**Exercise requirements**. Omit all images, then repeat exactly the lines below from the one containing "English World 1. Zeszyt ćwiczeń" through the one containing "CORTECO 19018469 Remslang", both ends included.

**Given records**.
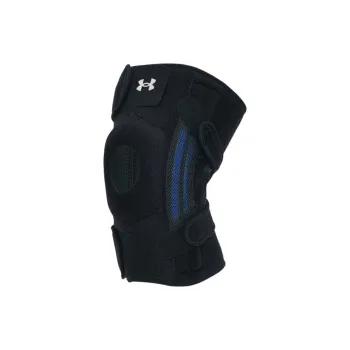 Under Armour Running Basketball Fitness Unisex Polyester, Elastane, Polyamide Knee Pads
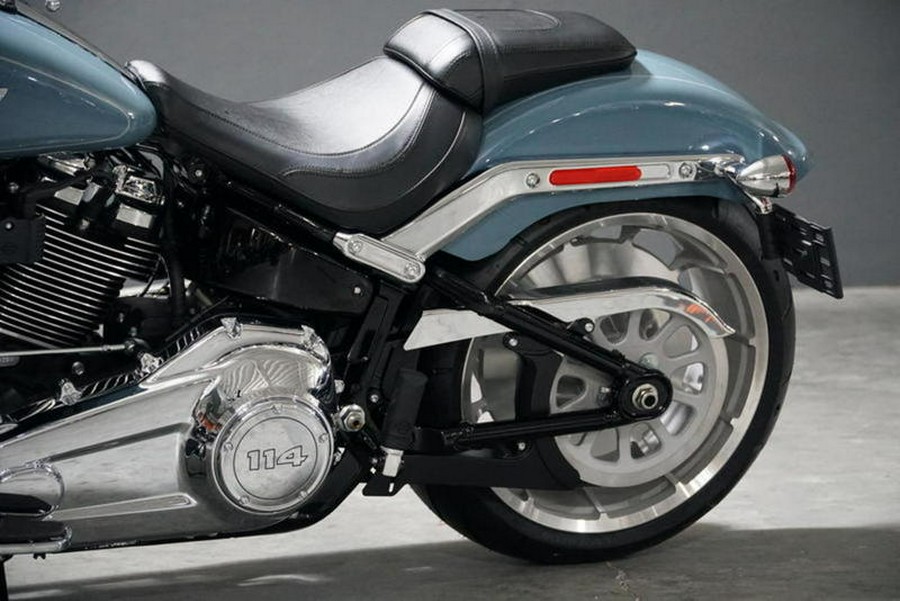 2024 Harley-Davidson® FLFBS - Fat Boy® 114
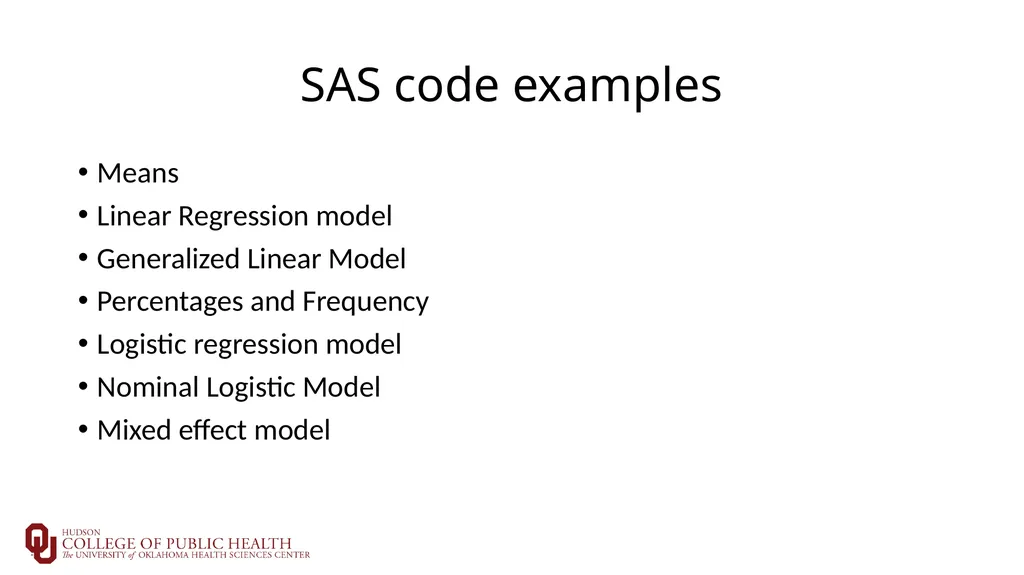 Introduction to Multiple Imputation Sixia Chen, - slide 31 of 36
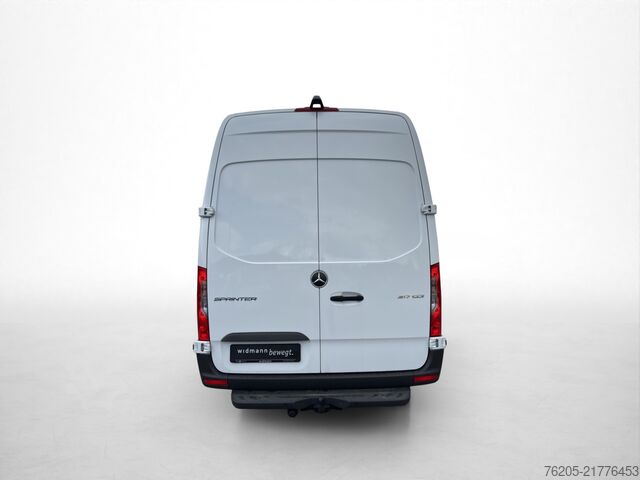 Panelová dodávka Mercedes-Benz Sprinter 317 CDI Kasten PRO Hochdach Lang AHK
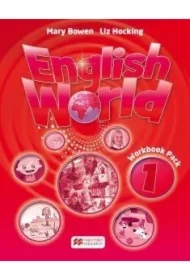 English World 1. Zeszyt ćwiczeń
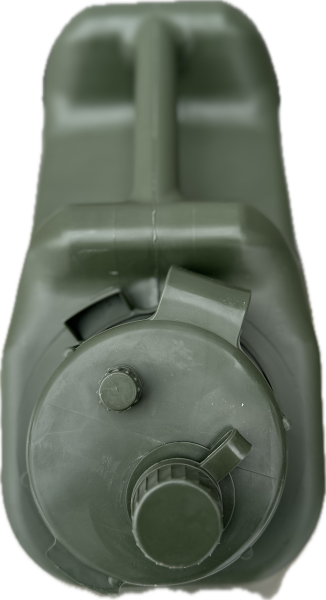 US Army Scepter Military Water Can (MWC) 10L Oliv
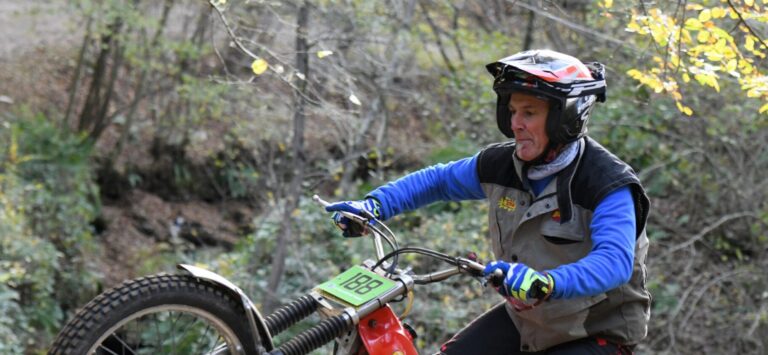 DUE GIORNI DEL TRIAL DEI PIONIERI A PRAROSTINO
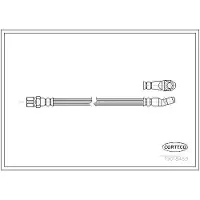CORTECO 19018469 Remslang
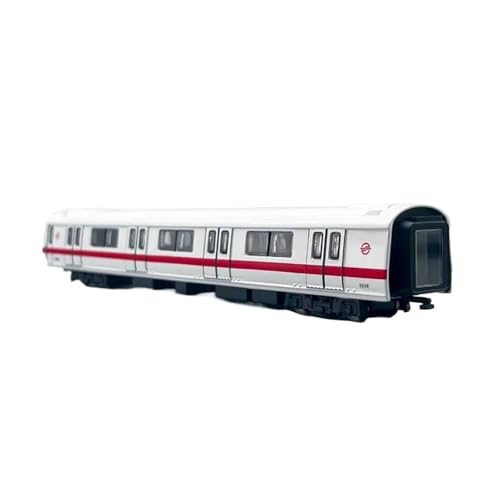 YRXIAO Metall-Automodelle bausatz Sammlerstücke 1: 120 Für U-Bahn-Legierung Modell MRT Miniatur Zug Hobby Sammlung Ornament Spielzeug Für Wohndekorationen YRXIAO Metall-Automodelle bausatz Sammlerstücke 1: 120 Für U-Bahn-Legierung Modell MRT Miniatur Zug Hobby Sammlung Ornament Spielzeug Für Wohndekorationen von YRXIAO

**Written reply**.
 English World 1. Zeszyt ćwiczeń
 US Army Scepter Military Water Can (MWC) 10L Oliv
 DUE GIORNI DEL TRIAL DEI PIONIERI A PRAROSTINO
CORTECO 19018469 Remslang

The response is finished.